Iglesias se mueve en ese terreno con la soltura propia de esos entrenadores aparatosamente gesticulantes capaces de aplaudir a quien acaba de ser expulsado por agresión al contrario. Iglesias es feliz así, jugando a ser el juez supremo mientras todos esperan su veredicto favorable en forma de aplauso. Y es que no hay nada para un parlamentario de la nueva escuela como sentirse recompensado por la magnanimidad del Gorrión Supremo, maestro de la descalificación al adversario de izquierdas y cómplice sonriente del enemigo de derechas.

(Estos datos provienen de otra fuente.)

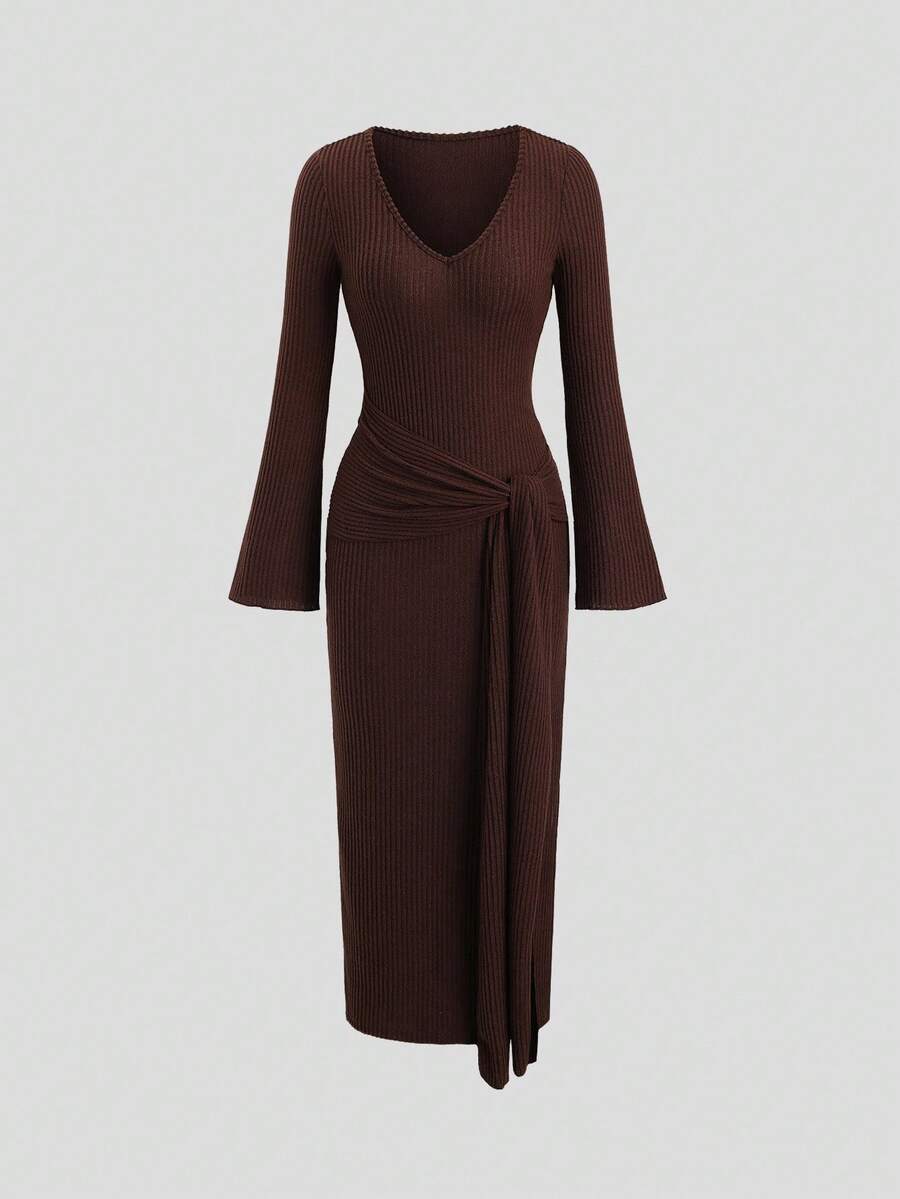 Sweetra Women's Solid Color Minimalist Long Sleeve Dress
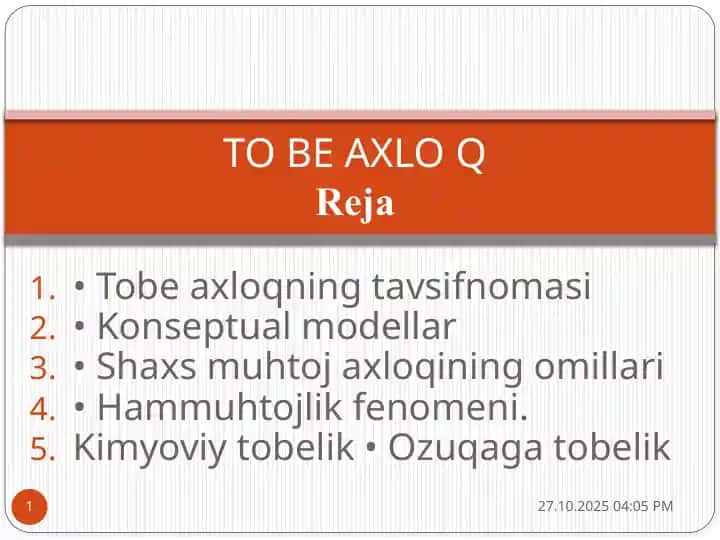 Tobe axloqning tavsifnomasi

Pero lo que resulta verdaderamente sorprendente es que junto a Rufián y Matutes, los héroes de Iglesias en la segunda sesión de investidura, aparezca el día después Pedro Sánchez formando parte de esa tripleta de atacantes aplaudidos por Iglesias y que nada tiene que envidiar a la BBC de Zidane a la hora de perforar la portería socialista. Si yo fuese Pedro me estaría preguntando qué extraños méritos ha visto en mí el palmero mayor para rendirme homenaje con sus aplausos.
Probablemente la respuesta no sea otra que la entrevista-trampa que Jordi Évole, buen profesional del periodismo y defensor de sus ideas, le tendió a Sánchez la noche del pasado domingo en su programa Salvados. Évole aprovechó, sin pudor alguno, para retratar el arquetipo del animal herido lamiéndose las heridas. Sánchez por su parte, llevado por sus propios demonios que no por los ajenos, no perdió la oportunidad suicida que tan clamorosamente se le ponía en bandeja para disparar hasta al pianista y de camino también pegarse un tiro en los pies de sus aspiraciones de futuro.
Hacía tiempo que no veía yo un ejercicio similar de frustración y desesperanza al mismo tiempo, una demostración tan palpable de que cuando la ira te nubla la mirada siempre es mejor no volver la vista atrás. Lo que pretendía ser el escenario de la construcción de una alternativa de futuro terminó convirtiéndose en un paseo terrorífico por los paraísos perdidos de Sánchez que seguía el rastro de migajas de rabia que Évole iba sembrando por adelantado.
Y Sánchez sacó su fusil antes que el coche de su garaje, contraviniendo así de principio a fin la magnanimidad y generosidad para con el Partido y para consigo mismo de su discurso de despedida de la mañana del sábado. Resulta difícil entender semejante mutación en apenas 24 horas, resulta doloroso contemplar cómo la única recompensa de ese esfuerzo fatal, sólo comparable al del samurái que ha perdido su honor, sea el aplauso del oso de Iglesias y el aullido de dolor de la manada.